In 2011 David Cameron gave a speech that attempted to set out his mission. “What is my mission? What is it I am really passionate about?” he asked. “It’s actually social recovery as well as economic recovery.”
I thought about that arresting phrase, which seems to have disappeared without a trace, when the Chancellor recently announced that extending trading hours on a Sunday was a part of his economic plan to, “ensure a truly national recovery”. All talk of a social recovery seems to have disappeared, as has any visible sense of community mission.
This is worrying. governments have always worked best when they combine economic competence with a strong social mission, and, in the case of Sunday trading hours, I fear this represents another missed opportunity. Instead of extending opening hours, ministers should really be looking at doing everything possible to extend the purpose of the high street.
In Bristol we realise our high streets are going through a transformation. Disruptive technology and changing consumer habits mean the old model is, in many ways, no longer fit for purpose. Even if shops were open 24 hours a day they are still unable to protect themselves from the onslaught of online shopping. Online sales in the UK are set to reach over £52bn this year, an increase of 16 per cent on the previous year, and this will continue to grow.
Retail needs to be complemented with a great social offer to ensure our high streets have a future. That’s why I introduced my Bristol Make Sunday Special programme to build on our community strengths and bring people into the city for a much richer and more vibrant experience than simply shopping.
On the first Sunday of the month from March to October we make parts of the city centre car free and turn the streets into an urban playground with live music, street performers, cooking demonstrations, games, dancing classes, children’s workshops, circus skills and all sorts of other joyous activities. After some initial scepticism, traders have been hugely supportive and the public response has been really enthusiastic.
To see the massive crowds watching people hurtling down a giant water slide on traffic free Park Street just shows what a little imagination can achieve. This year we have started extending Make Sunday Special into the wider community, the next one being on 23 August in the culturally rich area of Easton.
There are untold benefits to unlocking the potential of public spaces and putting high streets back at the heart of the community. A strong shared identity, greater civic pride and a sense that our retail centres can be much more than just temples of commerce, providing a sense of place and community is the reward for an imaginative approach that will lead to a real social recovery.

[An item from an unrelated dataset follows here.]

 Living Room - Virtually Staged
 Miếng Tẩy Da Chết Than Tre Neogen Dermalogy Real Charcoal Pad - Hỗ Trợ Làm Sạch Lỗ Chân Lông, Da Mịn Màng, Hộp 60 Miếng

The irony is that a social recovery is needed to lock in an economic recovery. You can’t have one without the other. Confident and resilient communities are more productive and best placed to achieve economic growth.
But in an increasingly atomized society where, according to the Office of National Statistics, Britain is the “loneliness” capital of Europe, politicians continue to blindly ignore the fact that community spirit is a precious but diminishing resource.
Other cities around the world are starting to get this. In Bogota, Mayor Gustavo Pedro is explicit in his aim to redesign the city to make people happier. The weekly Ciclovia car free weekend has been phenomenally successful not just in promoting better health and reducing emissions but also in building social capital and encouraging social integration.
But the impoverished politics that dominates political discourse in this country all too frequently ignores the need to develop policies to boost communities.
There is still a worrying view among far too many politicians that human beings can only achieve fulfillment through economic activity.
Business minister Anna Soubry’s recent comments on why Sunday trading hours need to be extended typify this prevailing orthodoxy.
“Sundays used to be the most miserable day of the week before shopping,” she argued, with the implicit suggestion that hours of extra shopping would make everyone much happier. This simply isn’t true. Shopping isn’t some magical activity that makes everyone happier.
And that’s why high streets must change and re-think their purpose. As more and more shopping is done online, shopping will have to become part of a bigger community and social experience for high streets to remain relevant.
Sooner or later we’ll have to recognise that our traditional trading places must foster a strong sense of community as well as drive prosperity. Perhaps then, the social recovery that was David Cameron’s clearly articulated mission will finally get underway.
George Ferguson is the Independent Mayor for Bristol.